Откуда взялась эта умопомрачительная история, вполне в духе булгаковских рассказов, не известная ни одному его биографу и явно пародирующая его истинную ситуацию? Похоже, без участия самого Михаила Афанасьевича тут не обошлось. Слегка пофантазировал, пошутил где-нибудь в писательской компании, а там пойдет само, можете не сомневаться, донесут куда следует. Кушайте мой «Блин» на здоровье! Вы не пускаете мои пьесы на сцену, ну что ж, я буду ставить их в жизни, с вашим участием!
В мае 1931 года Булгаков делает еще одну попытку докричаться до Сталина — направляет ему просьбу о заграничном отпуске. В черновом варианте начинает с того, что просит вождя быть первым своим читателем (вспоминается николаевская эпоха, когда сам Царь стал цензором новых произведений Пушкина), но отбрасывает этот пассаж — слишком опасная аналогия. И пишет заново. Он откровенно называет себя одиноким волком на широком поле советской словесности, волком, который ныне вконец затравлен и прикончен. Ему, Булгакову, «привита психология заключенного». Вывод: «Мне нужно видеть свет и, увидев его, вернуться. Ключ в этом». «Неужели я до конца моей жизни не увижу других стран?» Он напоминает Сталину его же собственную фразу, сказанную по телефону: «Может быть, вам действительно нужно ехать за границу?..»
Другими словами, одинокий, затравленный волк просится погулять в лес, чтобы отдышаться, прийти в себя — до осени…
И в конце свое, ставшее уже идеей-фикс, желание — встретиться, лично поговорить, как того предлагал Сталин: «Писательское мое мечтание заключается в том, чтобы быть вызванным лично к Вам…»
В ответ — гробовое молчание. И чем дольше оно длится, тем все сильнее Булгаковым овладевает беспокойство, переходящее в отчаянье. Теперь он уже действительно серьезно болен — нервное переутомление, неврастения, с припадками бессилия, страха и тоски, вплоть до того, что он уже не может выйти на улицу.

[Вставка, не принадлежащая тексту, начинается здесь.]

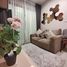 1 Bedroom Condo for rent at Ideo Ratchada-Huaykwang, Huai Khwang, Huai Khwang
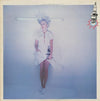 Sparks - No. 1 In Heaven (LP, Album) - Near Mint (NM or M-) / Very Good (VG)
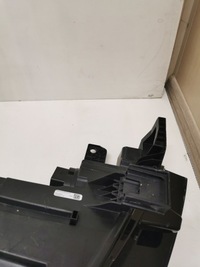 фото thumb №15, Vw id4 id.4 лампа full led левая правая 2 szt.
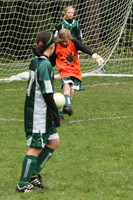 1050 Pirates FC GU11 111409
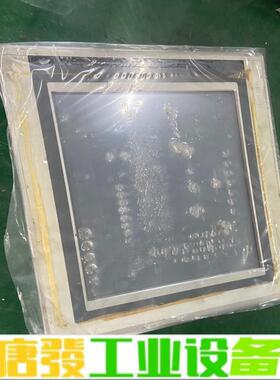 4PP320.1505-31贝加莱触摸屏 二手正品 维修询价
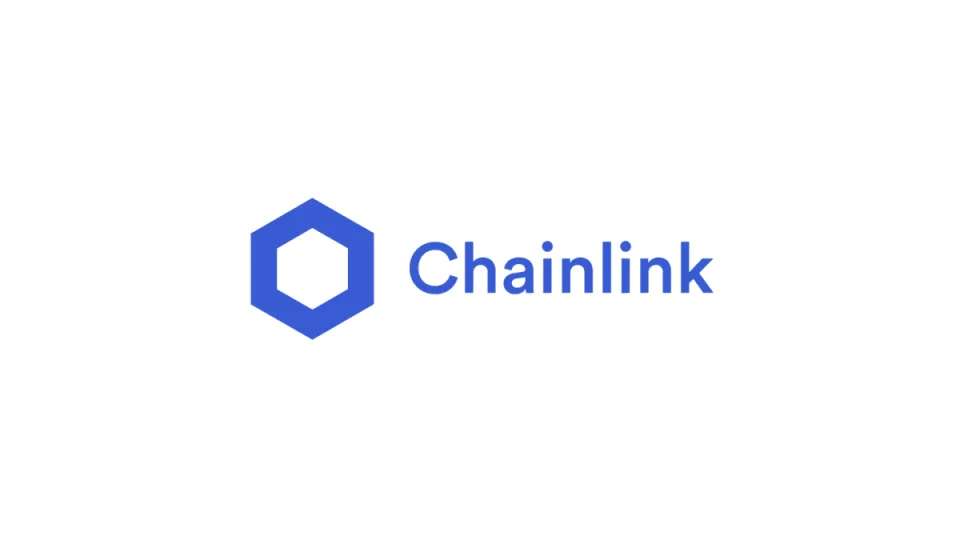 Chainlink Prognose: Das Verborgene Juwel der Kryptoszene Enthüllt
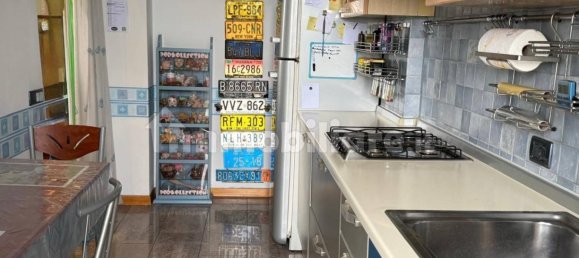 1 chambre Appartement à Cinisello Balsamo, Italy No. 323008 11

Его неотступно гнетут исступленные мысли о встрече с генсеком и о загранице — желание переупрямить, преодолеть судьбу. Ведь говорил же Сталин, говорил: «Нужно найти время и встретиться»! Ведь говорил же: «Может, вам действительно нужно ехать за границу?»
Ведь было все это! Не галлюцинация же! Почему теперь молчит? Остается только шаг, один шаг — увидеть его и узнать судьбу!..
А ведь что ему стоит — только дать телеграмму: «Отправить завтра…» И все. И потоки солнца над Парижем…
Ответа не было.
Старый опытный Вересаев, которому Булгаков написал обо всем, открыл душу, советует: не мучайтесь безумными надеждами, ну представьте, объявили человеку: «У вас не может быть детей…»
А тут еще внезапная новость — Евгений Замятин получил разрешение уехать за границу. Тоже после письма Сталину. Чем взял? Тем, что Горький ему помогал? Или написал лучше?
Так, в бессильном метании, в угасании надежд, прошел этот год.
А в начале следующего, 1932-го вдруг забрезжил свет. Случилось это после того, как Сталин в очередной раз осчастливил Художественный театр своим посещением. Посмотрев спектакль и расслабившись, спросил между прочим:
— А что это «Дней Турбиных» у вас не видно?
Гром среди ясного неба! И завертелось…
Сводка Секретного отдела ОГПУ № 181:
«Актера» — добавляет для ясности «источник».
Булгаков не лукавил, когда говорил, что впрягся сразу в три упряжки. И что сделался актером — тоже правда, хотя собирался играть не в «Днях Турбиных», а в «Пиквикском клубе», по Диккенсу, — роль судьи. И вскоре сыграл — совершенно блестяще!
Он отдался на волю судьбы, вернее, вошел в русло большой работы. Кроме прозаической книги о Мольере и доработки «Мертвых душ» (получено разрешение и на эту постановку) заканчивал новую пьесу — «Адам и Ева» и там выдернул наконец из себя язвящее жало социального вожделения заключительным пассажем, обращенным к одному из героев: «Ты никогда не поймешь тех, кто организует человечество… Иди, тебя хочет видеть генеральный секретарь!»
Пусть этот персонаж вместо него отправляется к генсеку. С автора хватит! Место автора — за кулисами. Автору некогда, он захвачен романом о Мастере и Христе, погубленном было собственными руками, воскрешает его из пепла, пишет заново.